1887(明治20)年、京都の西本願寺系普通教校(現在の龍谷大学の前身)に学ぶ沢柳政太郎や高楠順次郎、前田慧雲らの青年学生が、風紀の是正や禁酒、自己修養を目的とする「反省会」を結成。その機関誌として創刊されたのが『反省会雑誌』であった。同誌は、硬直化した仏教界に新風を吹き込み、知識人や若者層に対して精神の変革を呼びかけるメディアとしての役割を担った。
言論・総合雑誌への転身と『中央公論』への発展
創刊当初は地方の一宗教団体の機関誌に過ぎなかったが、1892(明治25)年に拠点を東京へ移し、誌名を『反省雑誌』と改めると、その性質は徐々に変化していった。従来の仏教青年向けの記事にとどまらず、広く社会時評や哲学、学術、文芸などの記事を掲載するようになり、一般の読者層を取り込むことに成功した。
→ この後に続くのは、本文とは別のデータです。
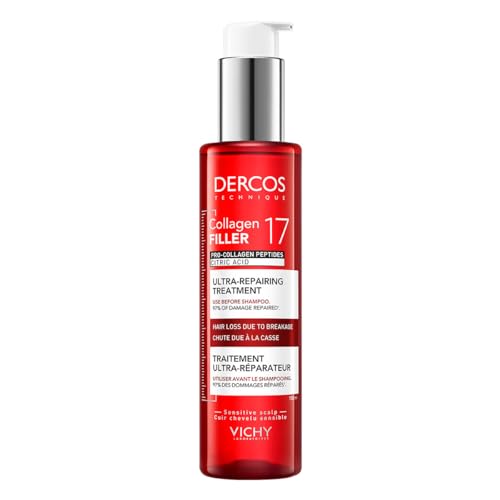 Dercos Collagen Peptide 17 Ultra-Repairing Treatment, 150ml, Anti Hair Fall Pre-Shampoo Bond Repair Hair Treatment, Strengthens, Reduces Breakage, Preps & Protects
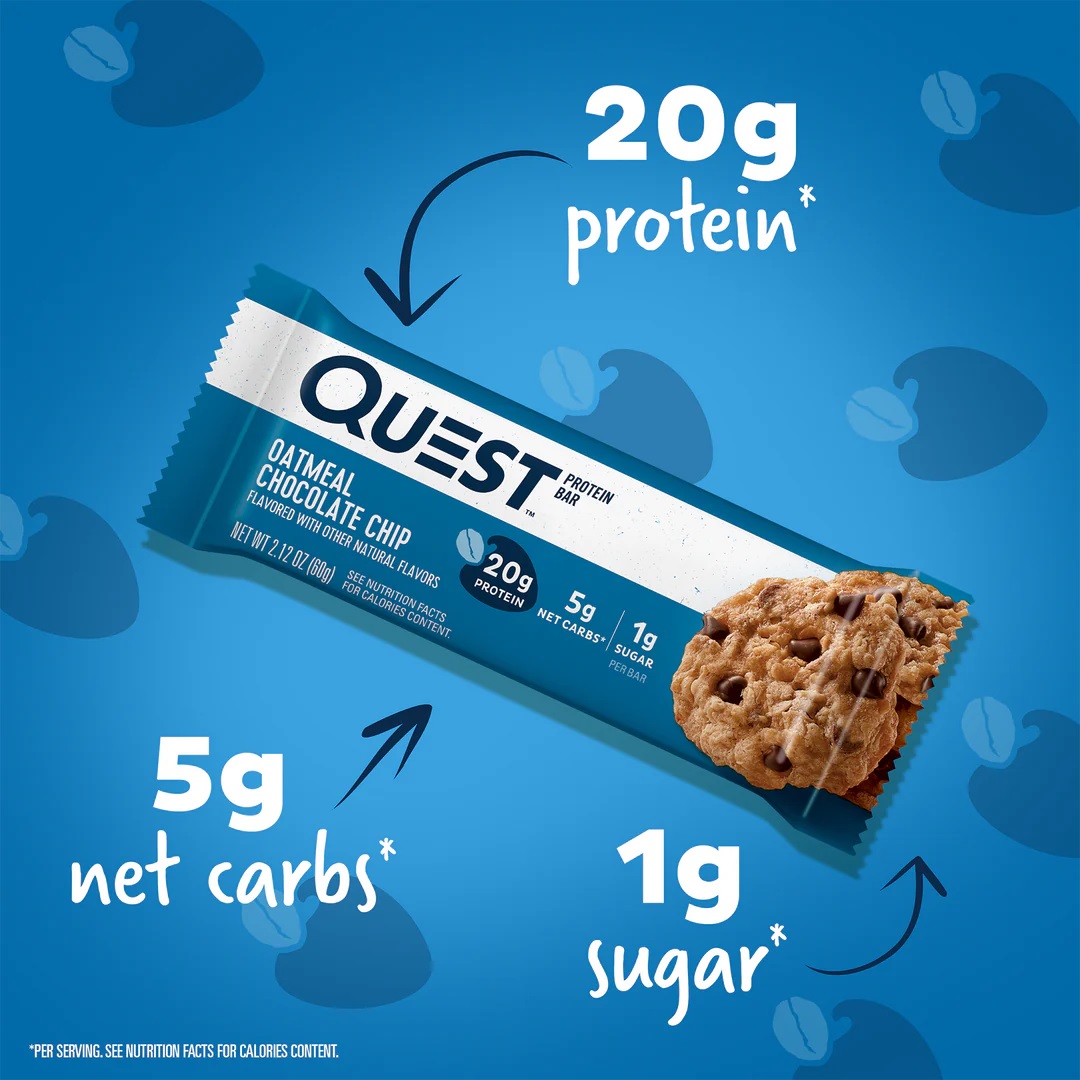 Quest Protein Bars 21 G 12 Pcs in Box - Oatmeal Chocolate Chip Best Price in Ajman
さらに1899(明治32)年、仏教色を完全に払拭して広く社会に開かれた言論機関となるべく、誌名を『中央公論』へと改題した。この大胆な脱皮により、大正時代に入ると主筆の滝田樗陰のもとで、吉野作造による「民本主義」の提唱など、大正デモクラシー期の自由主義的な言論をリードする日本屈指の総合雑誌へと急成長を遂げることとなった。